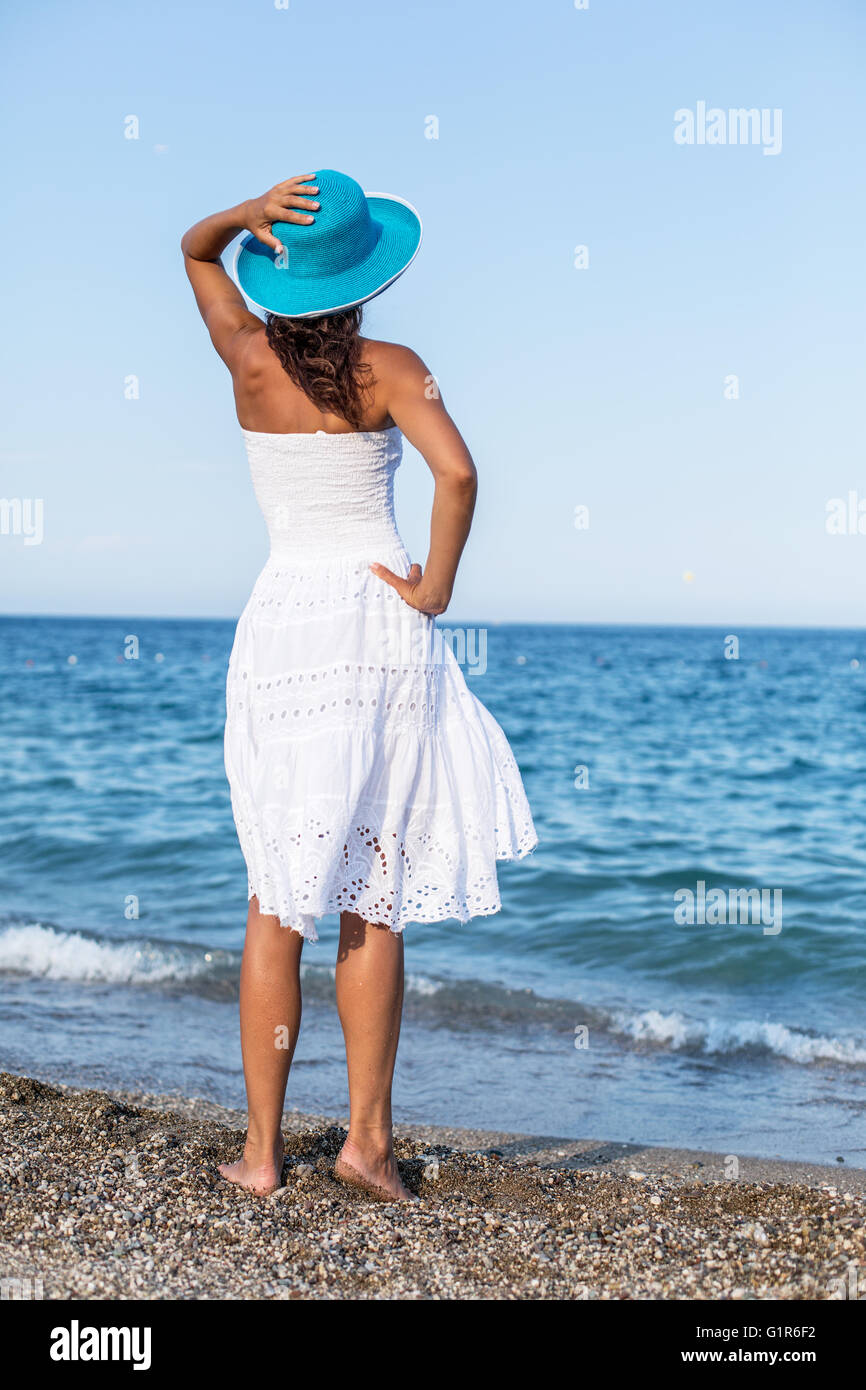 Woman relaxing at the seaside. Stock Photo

---

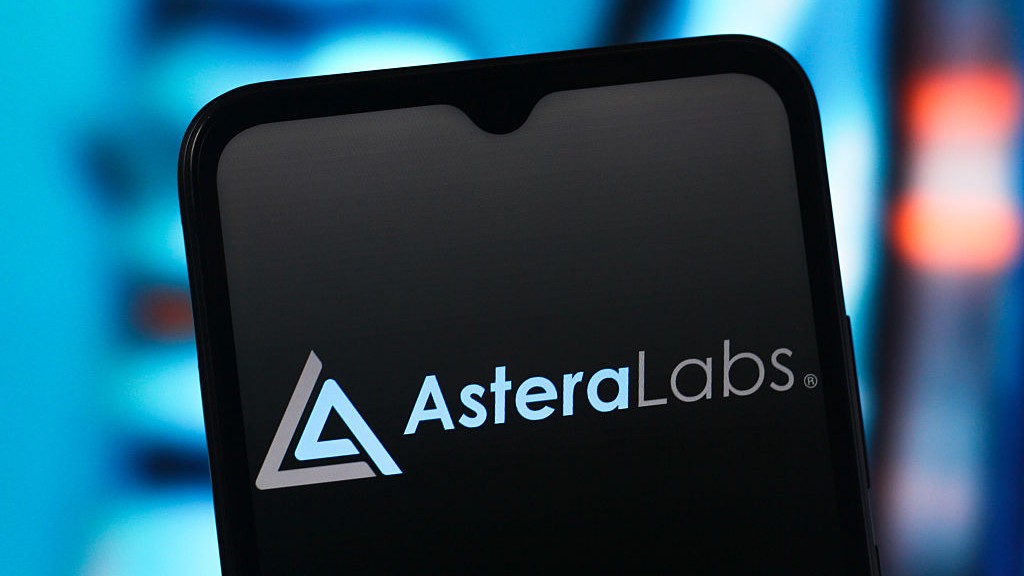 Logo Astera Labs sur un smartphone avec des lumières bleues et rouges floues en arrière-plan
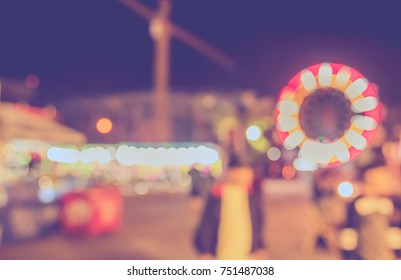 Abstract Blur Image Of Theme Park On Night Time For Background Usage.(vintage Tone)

● WORK INSTRUCTION
Above are entries with pictures among them. Write out exactly the lines from the one containing "Logo Astera Labs" through the one containing "Abstract Blur Image", ends included, and leave those pictures out.

● RESPONSE BELOW
 Logo Astera Labs sur un smartphone avec des lumières bleues et rouges floues en arrière-plan
 Abstract Blur Image Of Theme Park On Night Time For Background Usage.(vintage Tone)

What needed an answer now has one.